(Records for this exercise):
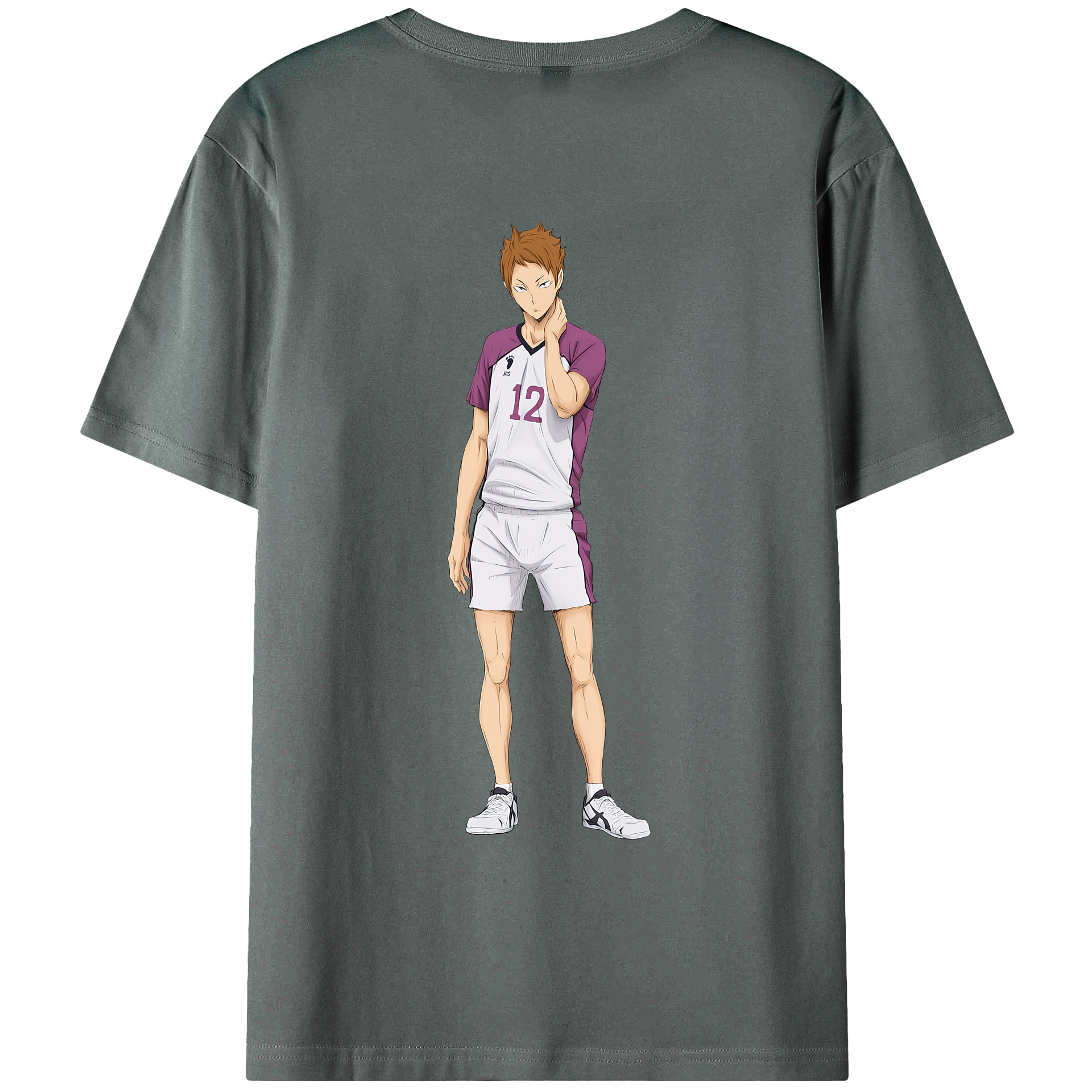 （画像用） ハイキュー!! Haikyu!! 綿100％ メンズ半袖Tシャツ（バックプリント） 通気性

--

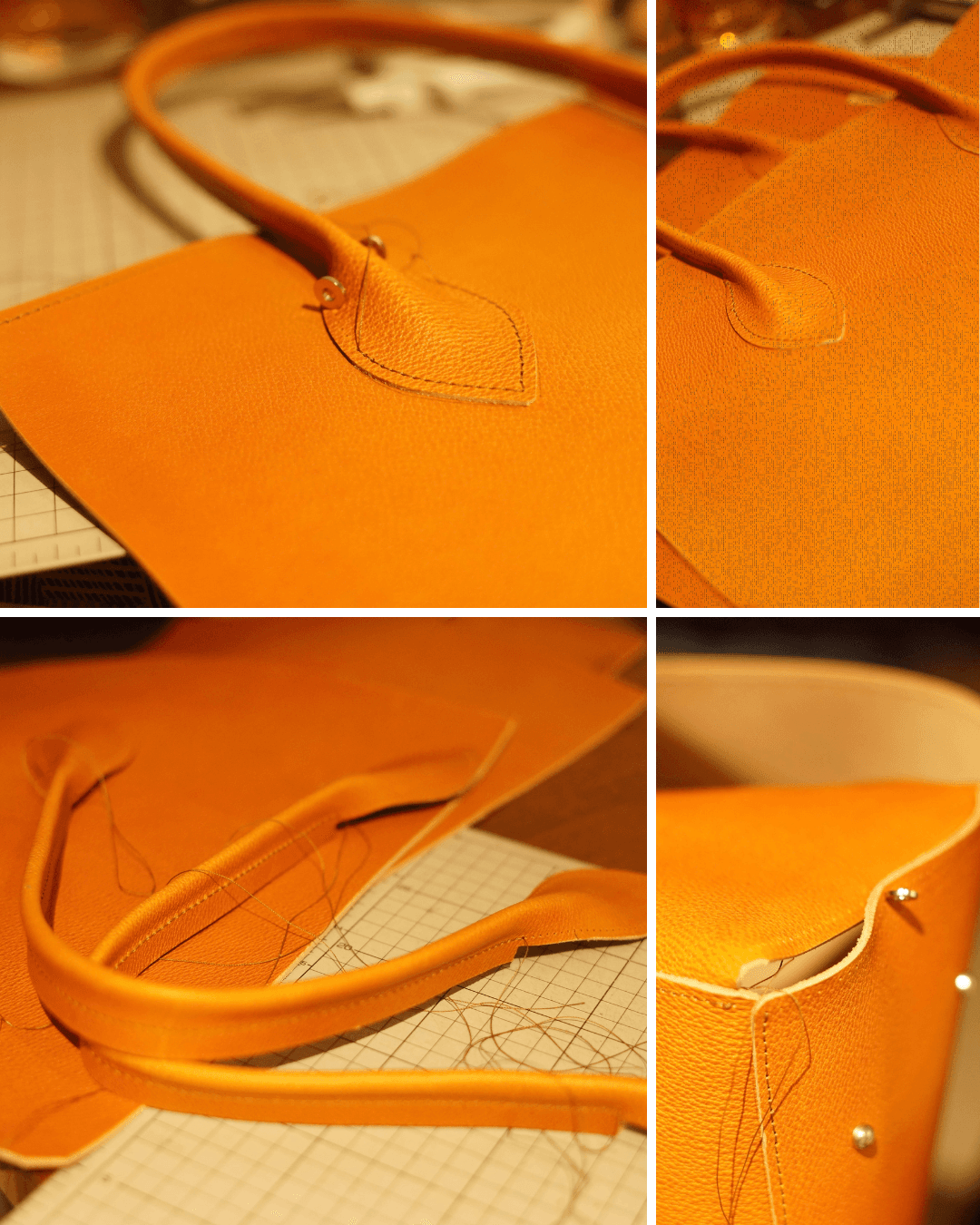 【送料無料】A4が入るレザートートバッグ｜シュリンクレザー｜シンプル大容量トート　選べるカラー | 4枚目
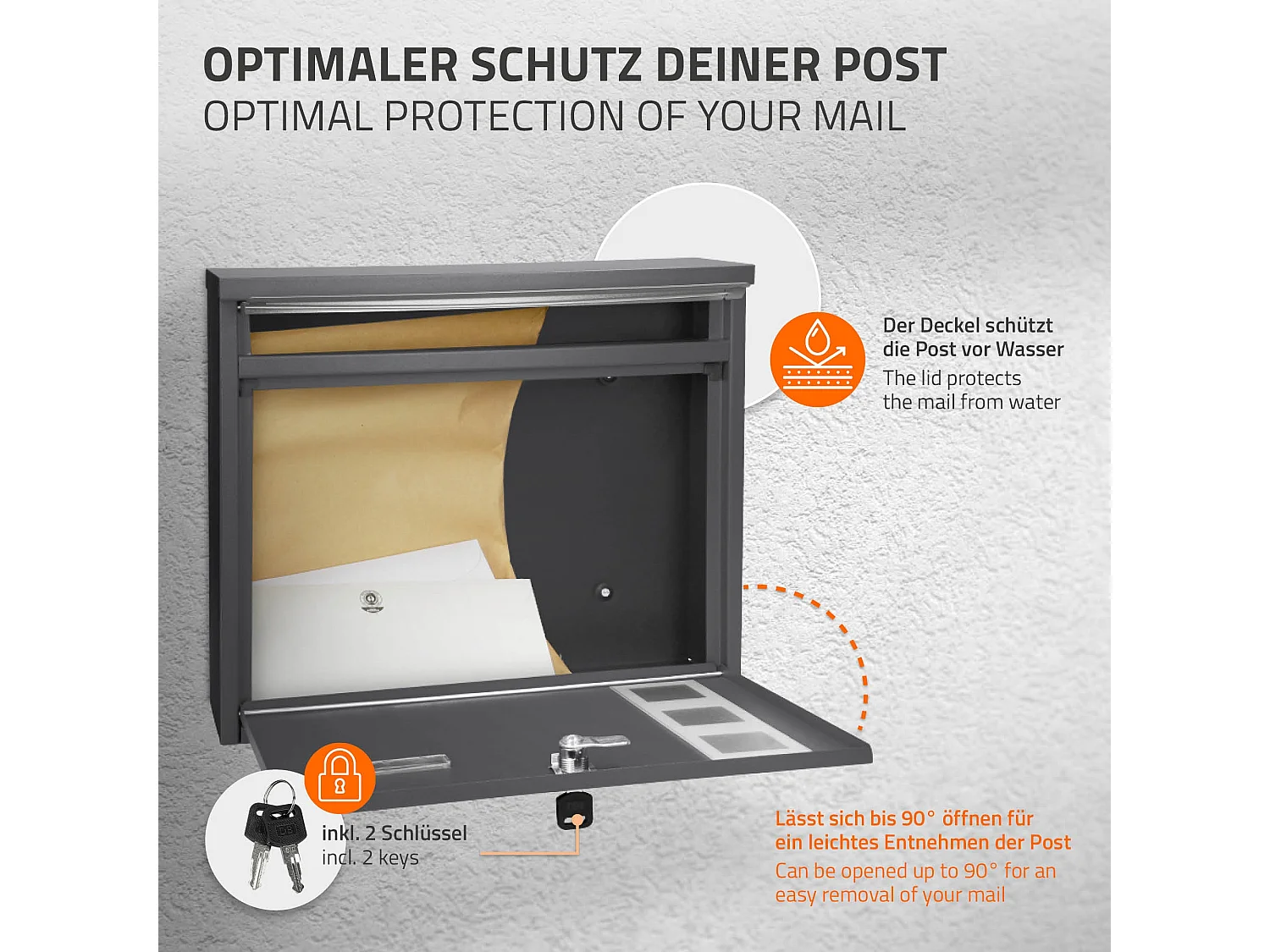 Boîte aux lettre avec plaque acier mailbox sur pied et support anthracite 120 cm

---

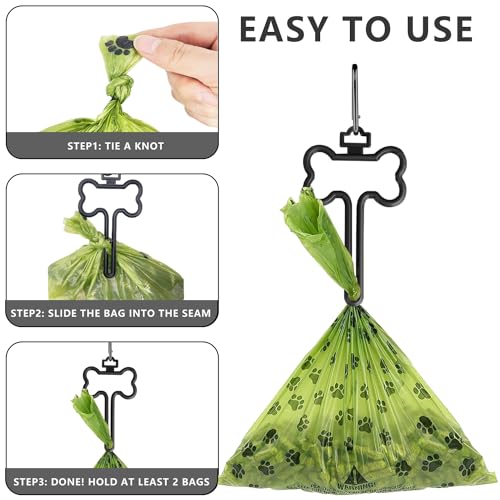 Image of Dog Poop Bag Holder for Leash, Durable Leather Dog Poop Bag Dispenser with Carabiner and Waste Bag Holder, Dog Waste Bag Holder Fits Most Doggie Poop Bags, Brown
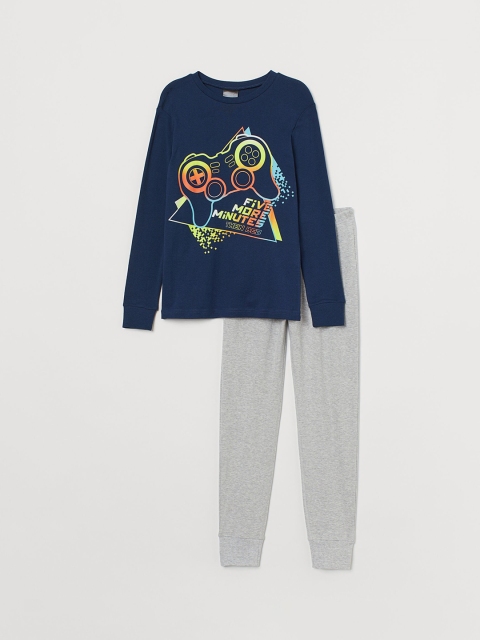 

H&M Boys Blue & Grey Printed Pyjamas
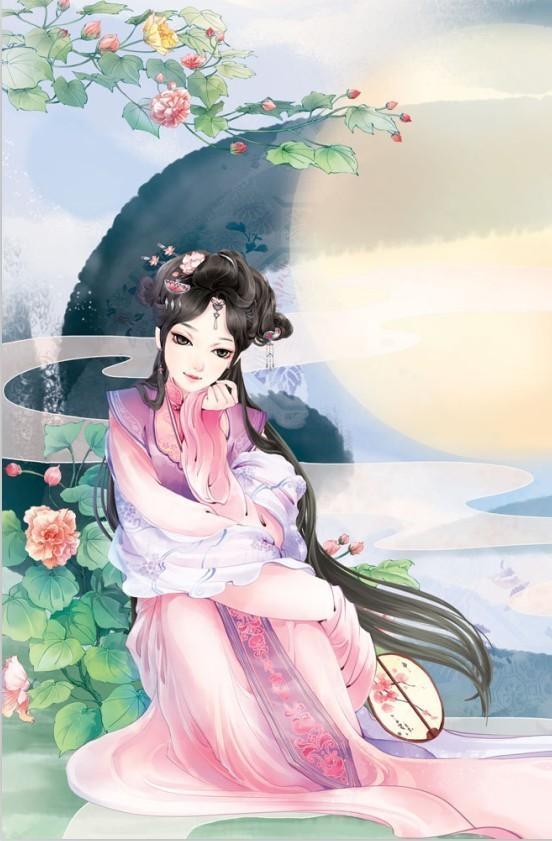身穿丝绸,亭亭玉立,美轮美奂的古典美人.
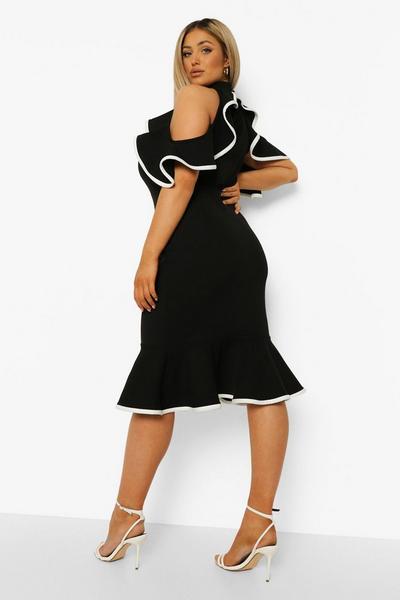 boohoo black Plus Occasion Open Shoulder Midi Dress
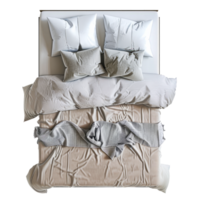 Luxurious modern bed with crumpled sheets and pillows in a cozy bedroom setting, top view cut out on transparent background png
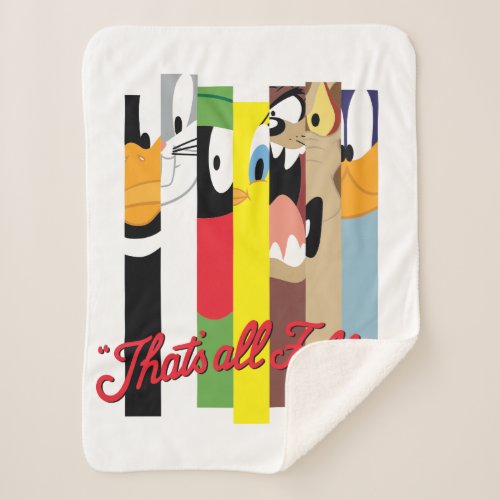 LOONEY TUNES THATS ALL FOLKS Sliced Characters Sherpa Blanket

(Exercise objective): Leaving all pictures out, output exactly the lines of the material above from the line with "Luxurious modern bed" to the line with "LOONEY TUNES THATS", both included.

(Task answer):
 Luxurious modern bed with crumpled sheets and pillows in a cozy bedroom setting, top view cut out on transparent background png
 LOONEY TUNES THATS ALL FOLKS Sliced Characters Sherpa Blanket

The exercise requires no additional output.